Will physicists and cosmologists ever quit their so-far vain attempt to find the mysterious unknown stuff? Quitting would be a huge blow to modern physics. It would mean admitting that the Standard Model is incomplete or, at worst, wrong. A scientific revolution may be in the making.
Update 6/02/18: Two physicists at the Harvard-Smithsonian Center for Astrophysics, one of them astronomer Avi Loeb, are assigning properties to dark matter. According to Space.com, they are speculating whether dark matter particles carry an electric charge. Perhaps they should discover the particles first. “The thought that dark matter could somehow be electrically charged seems too bizarre to be anything but science fiction,” reporter Chelsea Gohd admits. The two astronomers base their speculation on one possible interpretation from an instrument called EDGES that measured a particular absorption spectrum in the cosmic background radiation. Still, they confess, “The nature of dark matter is one of the biggest mysteries in science, and we need to use any related new data to tackle it.”

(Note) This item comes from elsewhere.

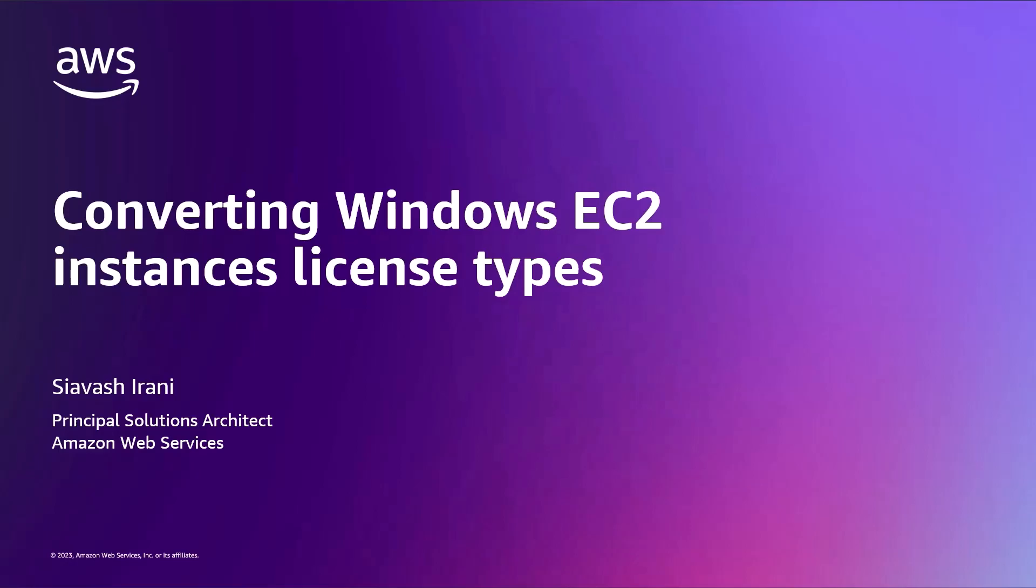Hello, my name is Siyavash Irani, a Solutions Architect here at Amazon Web Services, and in this video, I'm going to show you how to change license types and instance tenancy for your EC2 Windows instances using AWS License Manager.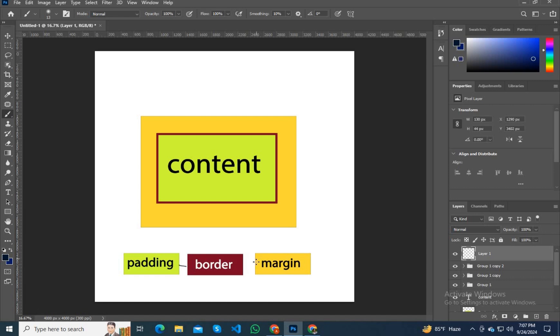This gap is margin and this is content. Above this content, the border is surrounded by red color. That is padding.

We’ve been watching this hunt for years, curious to see how it turns out (e.g., 20 Jan, 2002, 23 July 2007, 9 Jan 2017; search on “dark matter” for more). We’ve used the case of the Mysterious Unknown Stuff (MUST) that must be there as a test of empiricism vs theory. So far, empiricism is winning. Don’t even ask about dark energy. That stuff is even more mysterious, and physicists don’t even have a theory of what it could possibly be. It’s like watching serious scientists in our own time trying to defend belief in ghosts (30 Aug 2016).
The search recalls physicists’ vain attempts to look for phlogiston as the cause of combustion, or caloric as the carrier of heat. Those two historical non-detections of the 18th century led to scientific revolutions of their own (the oxygen theory, and the mechanical theory of heat). Some of the champions of those occult substances went to their deaths without admitting they were wrong. Are we seeing another case of it now?
We cannot rule out a successful detection. Physicists did find the Higgs boson, didn’t they? Well, at these levels of constraint, any seemingly empirical results become so theory-laden, it’s difficult to ascertain whether they found a real particle or another version of the theory that they can keep believing in. Does that recall a situation in biology? Darwinism, perhaps?